If you were a teenager in Baltimore in the late 1950s and early 1960s, you watched “The Buddy Deane Show.” When the final bell rang you sprinted home from school, saddle shoes smacking the sidewalk, knee socks sliding down your shins, until you skidded to a stop in front of your black-and-white TV and turned to WJZ Channel 13 to watch Maryland’s answer to “American Bandstand.” Chances are you wanted to be on “The Buddy Deane Show,” whose stars were ordinary teens turned local celebrities. The Committee, as they were known, could do all the hot dances of the day: the Madison, the mashed potato, the pony. Faced with pressure to integrate the show, something the station (and some Committee members’ parents) refused to allow, WJZ canceled Buddy Deane in 1964. Most people probably would’ve forgotten about “The Buddy Deane Show” ages ago had it not been immortalized by John Waters in his 1988 movie, “Hairspray.”....

[excerpts of the interview with John Waters and some members of “The Committee"]

....
Marie Shapiro (then Fischer): The first thing, they’d kind of look you over. I’m serious. I hate to say this, but they wanted attractive young people.

John Waters: Mary Lou [Barber] told me once that “a black girl could’ve gotten on the show easier than a fat girl.” . . . In [“Hairspray”], Ricki Lake’s character goes down to audition and they all make fun of her. I don’t think a fat girl ever came to audition.

....

John Waters: The most amazing thing about “The Buddy Deane” stardom was they would show up not knowing if they would fight or sign autographs. The boys were picked on, because boys didn’t dance then.
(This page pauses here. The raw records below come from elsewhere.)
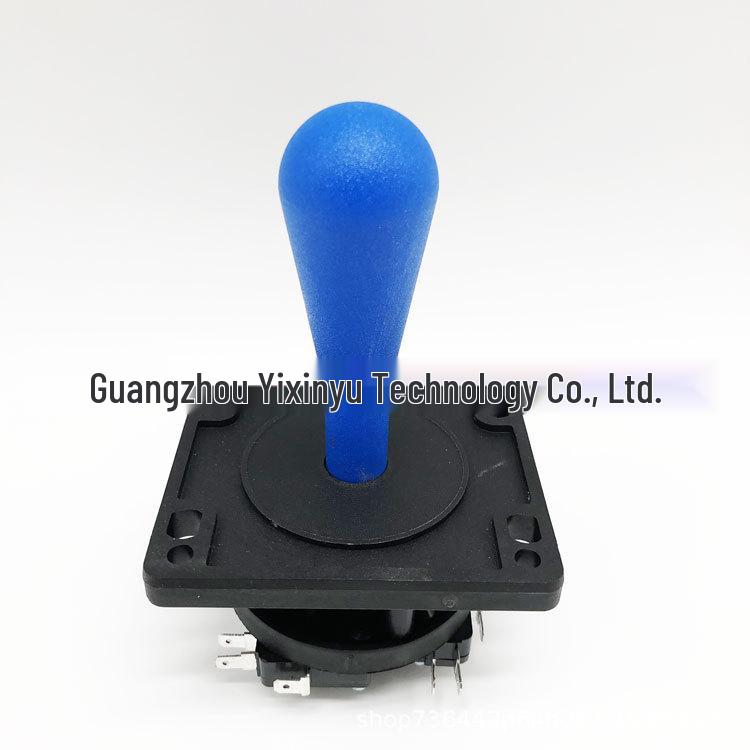 American Style Nylon King Rocker Arcade Fighting Joystick for PS5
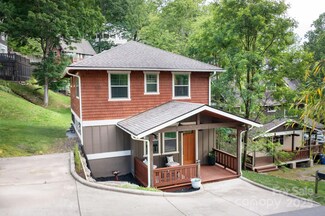 29 Shady Park Ln, Asheville, NC 28804
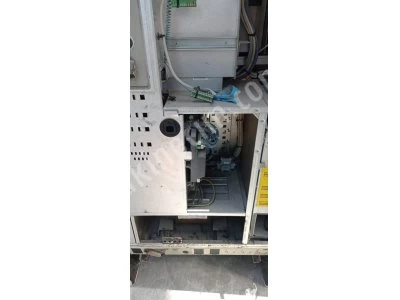 Abb Robot Irb6600-175/2.55 2006 Model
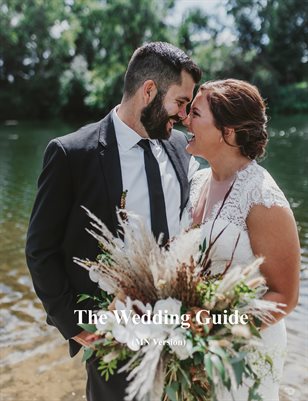 FSP LLC 09 Wedding Guide (MN Version)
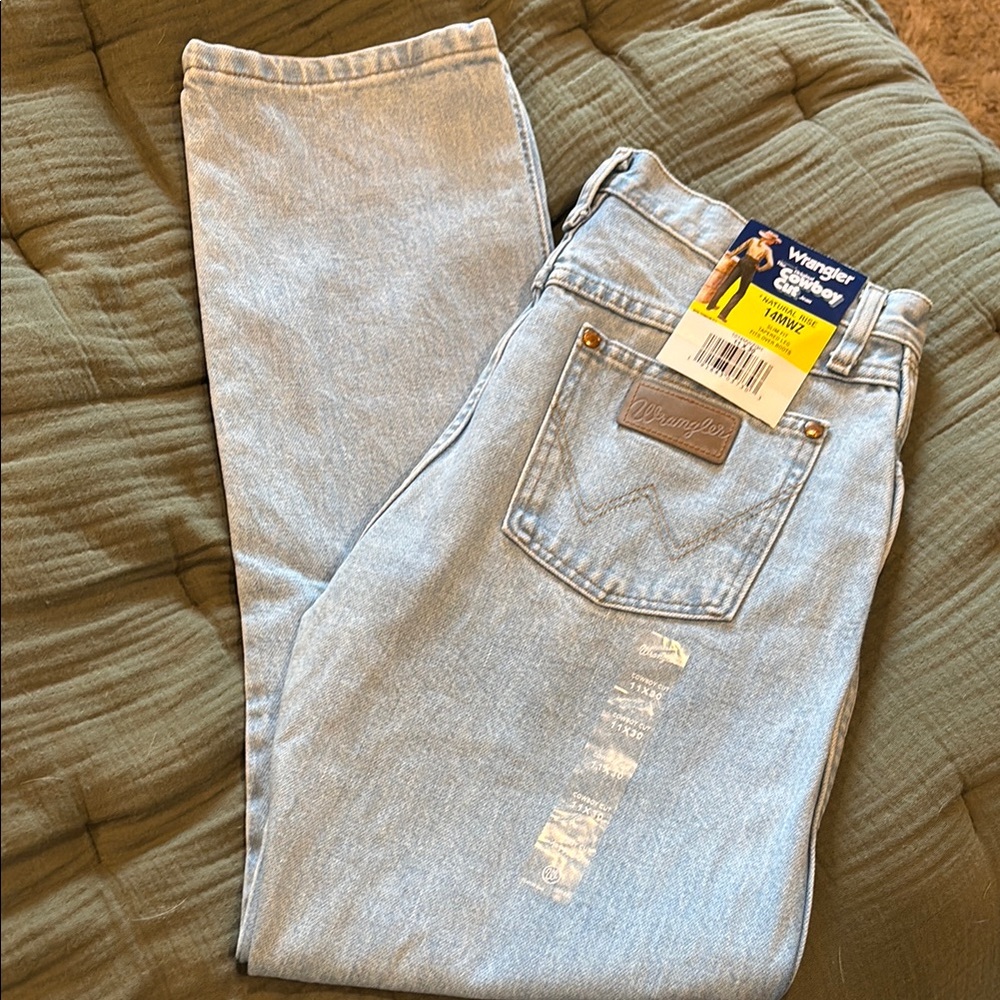 Wrangler Women’s Jeans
Frani Hahn: I think it was easier for the girls. When I was on, the kids at school were cool with it. It was an integrated school, and the black girls would show us all the new dances. I think the guys had a harder time at it. They were more made fun of because they didn’t fit in [and] because people would want to fight them.

The one thing everyone seems to remember about “The Buddy Deane Show” is its ending: amid calls to integrate the almost all-white program (as in “Hairspray,” there was one day a month when African Americans could dance on the show), “Buddy Deane” was canceled. The final episode aired on Jan. 4, 1964. Recollections differ as to whether it was Deane, the station or the parents of the Committee members who refused to allow the show to be integrated. Bob Mathers, who worked with Deane on three radio stations, was a close friend of was a close friend of Deane’s and is an unofficial historian of “The Buddy Deane Show.”

Bob Mathers: We’re looking at the times of 1963, and in 1963, what overrode ratings and popularity were the feelings about race in Baltimore City.

Marie Shapiro: I remember sometimes there would be African Americans at the hops, and it was frowned upon to dance with an African American if you were a Committee member.

Mary Lou Barber: Think of it: In the ’60s, if they were to ask a black guy to lead a dance with me or some other white girl — Baltimore wasn’t ready for it yet. There were riots! You’re going to put it on TV? You have to ease into it.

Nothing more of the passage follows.